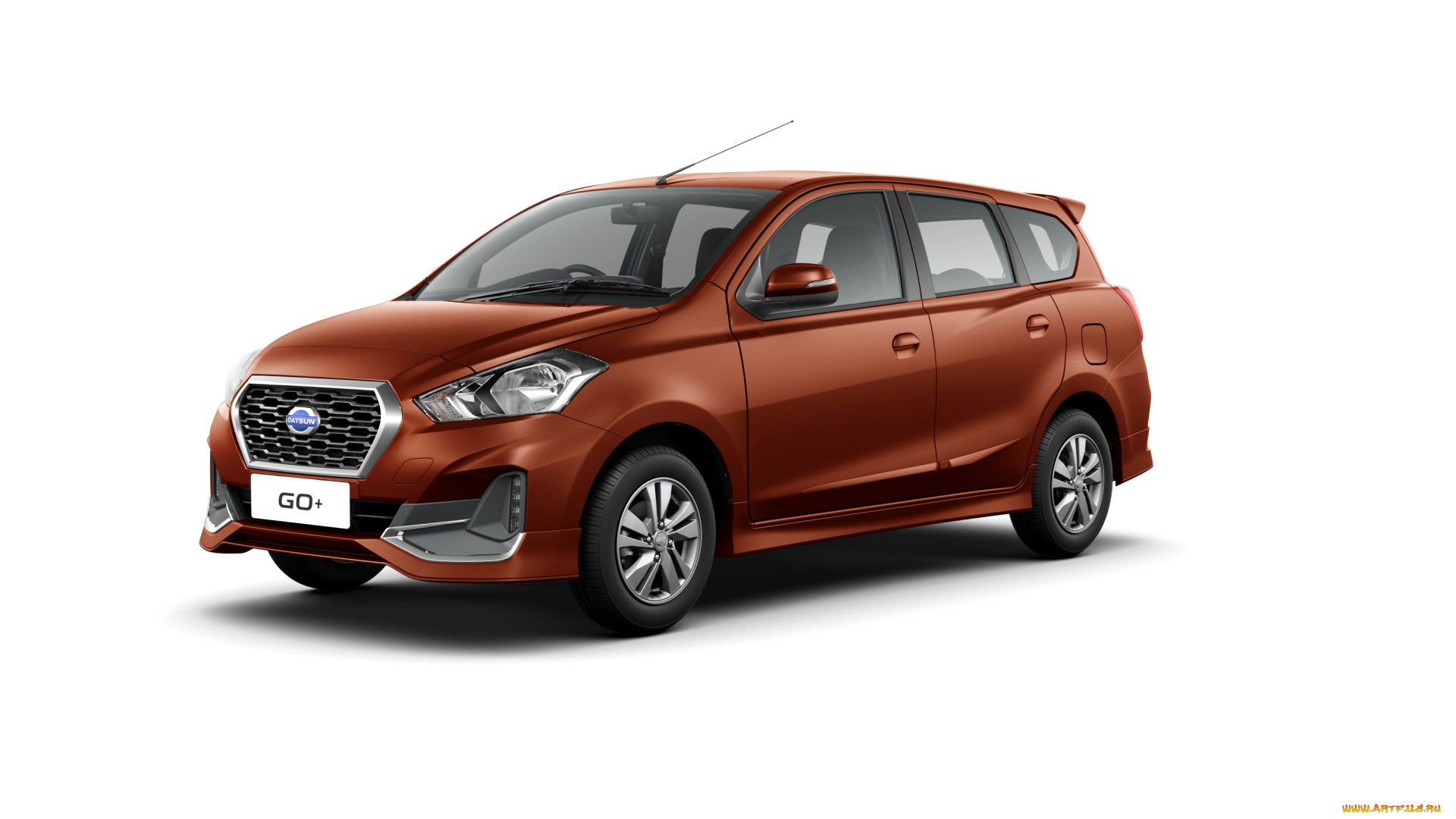 автомобили, nissan, datsun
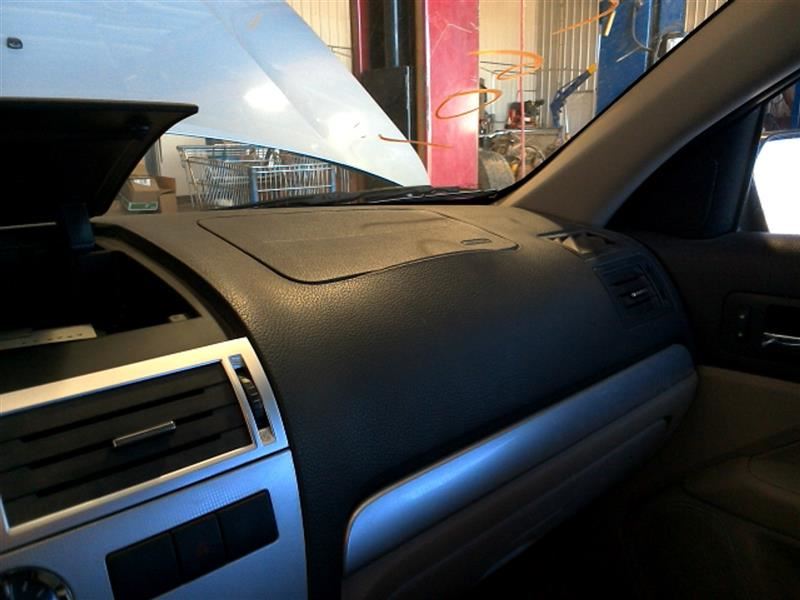 https://f005.backblazeb2.com/file/img-partshotlines-com/Inventory/MA178/Vehicle/4905_11.jpg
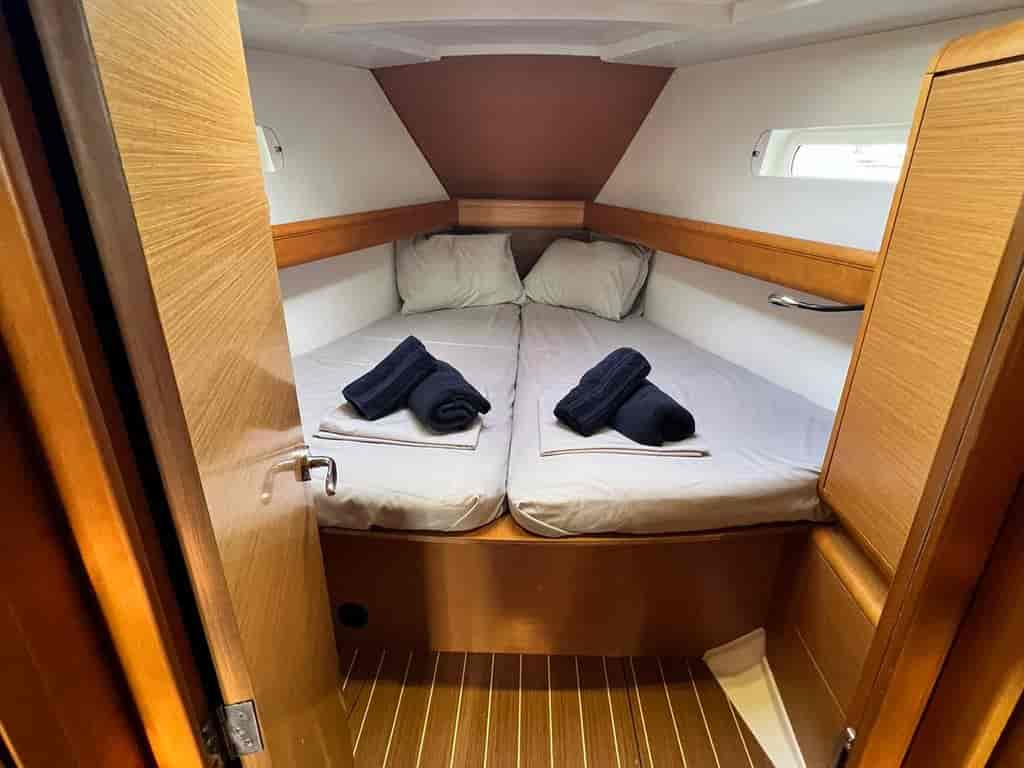 Boat picture 3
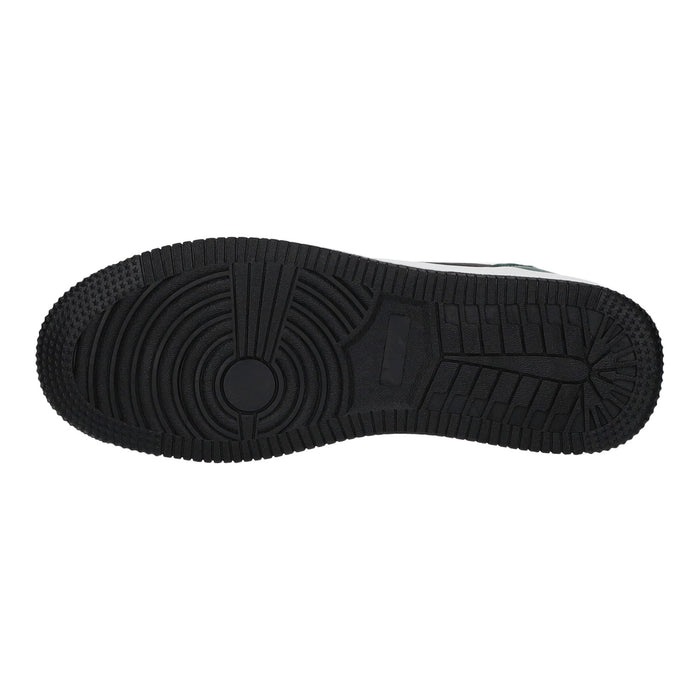 Sneakers Schnürhalbschuh Sneaker (sportlich) - SchuhEggers.de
────
The entire listing is to be printed exactly, with each picture omitted.

 автомобили, nissan, datsun
 https://f005.backblazeb2.com/file/img-partshotlines-com/Inventory/MA178/Vehicle/4905_11.jpg
 Boat picture 3
 Sneakers Schnürhalbschuh Sneaker (sportlich) - SchuhEggers.de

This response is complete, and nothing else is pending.